Meneghette defendeu a redução do Custo Brasil, a recuperação da infra-estrutura de transporte e a ampliação dos financiamentos destinados aos produtores. Ele disse que o governo federal tem que suspender a ‘‘idéia absurda’’ de taxar produtos agrícolas em função de uma maior lucratividade proveniente da atual política cambial. ‘‘O setor ainda sofre com a descapitalização iniciada com a implantação do Plano Real.’’
O presidente da Associação dos Abatedouros e Produtores Avícolas do Estado do Paraná (Avipar), Paulo Ferreira Muniz, acha as proposta a serem desenvolvidas pela agência eficientes, mas também sugere ações na cadeia produtiva anterior a do frango. Uma delas é a divulgação de pesquisas aos produtores de insumos, como o milho, para aumentar a produtividade por hectare. ‘‘Essa é a melhor maneira para reduzir os custos de produção do frango e conquistar mercado’’, disse. Segundo Muniz, enquanto estudos da Embrapa mostram que é possível produzir 12 toneladas de milho por hectare, a produção média no País é de 3 toneladas.

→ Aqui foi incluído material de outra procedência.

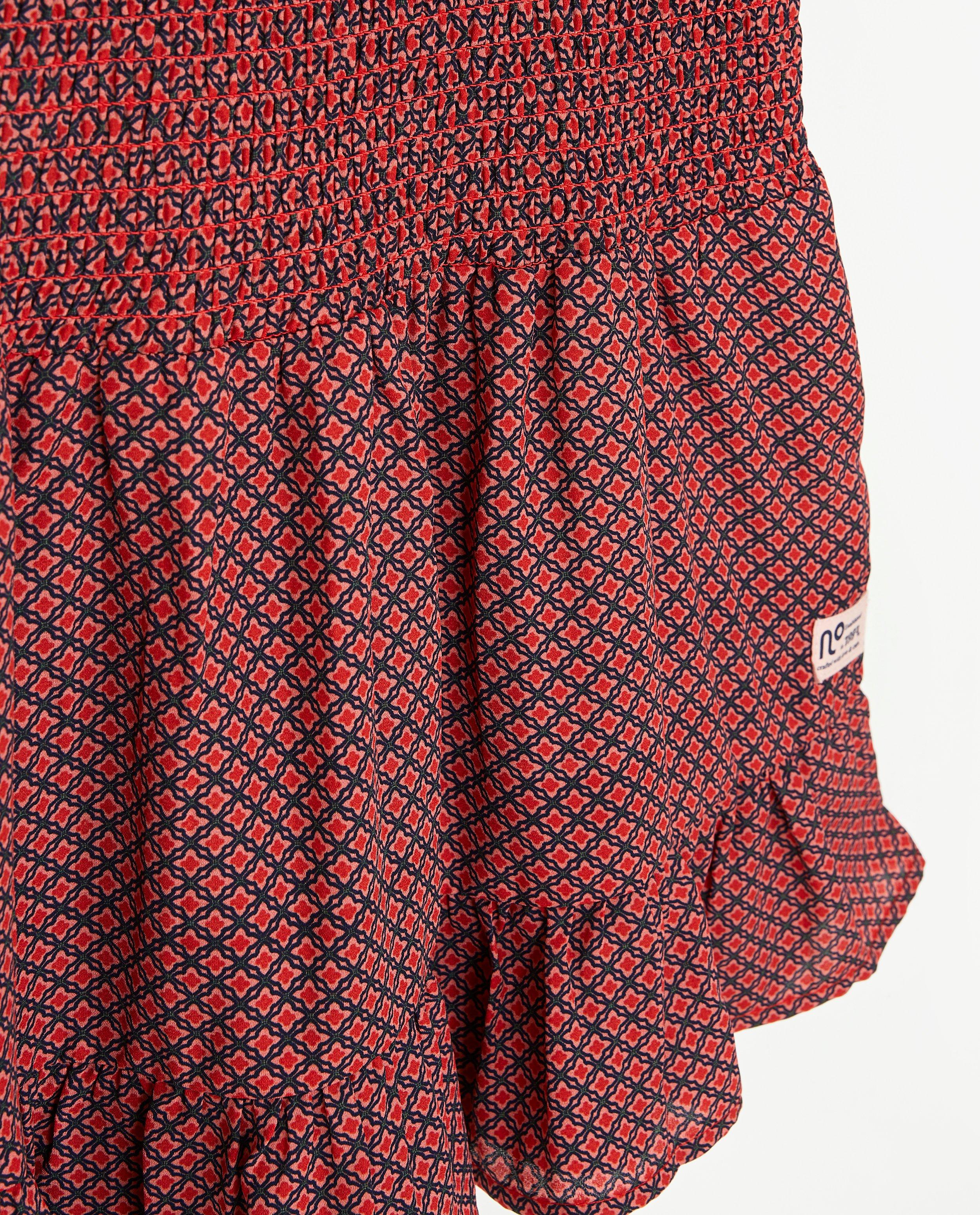 Jupes - Jupe rouge à imprimé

Projeto A criação da Agência Brasileira de Agronegócio foi aprovada na quarta-feira, em reunião do Conselho de Agronegócio. O Ministério da Agricultura tem prazo de 60 dias para formalizar os atos legais para a implantação da agência. Os principais objetivos são articular a integração da cadeia produtiva e criar condições para que o Brasil melhore suas estratégias de comercialição interna e externa.
Algumas das metas são manter a expectativa de exportações de US$ 200 bilhões em 2002 - traçada no Programa Especial de Exportações (PEE) - e ampliar dos atuais US$ 18,8 bilhões para US$ 45 bilhões as exportações do setor agropecuário num prazo de quatro anos. A estimativa, caso esse número seja atingido, é de que serão criados 10 milhões de postos de trabalho no setor.
Segundo informações do Ministério da Agricultura, as ações para cumprir esses objetivos incluem o desenvolvimento de bolsas de futuros para desonerar os investidores estrangeiros e a capacitação de negociadores multidisciplinares e especializados. Outras possibilidades em estudo são a criação da marca Brasil para todos os produtos, a instituição de adidos de agronegócios em todas as embaixadas do País e a busca de redução de barreiras internacionais e junto à Organização Mundial de Saúde (OMS).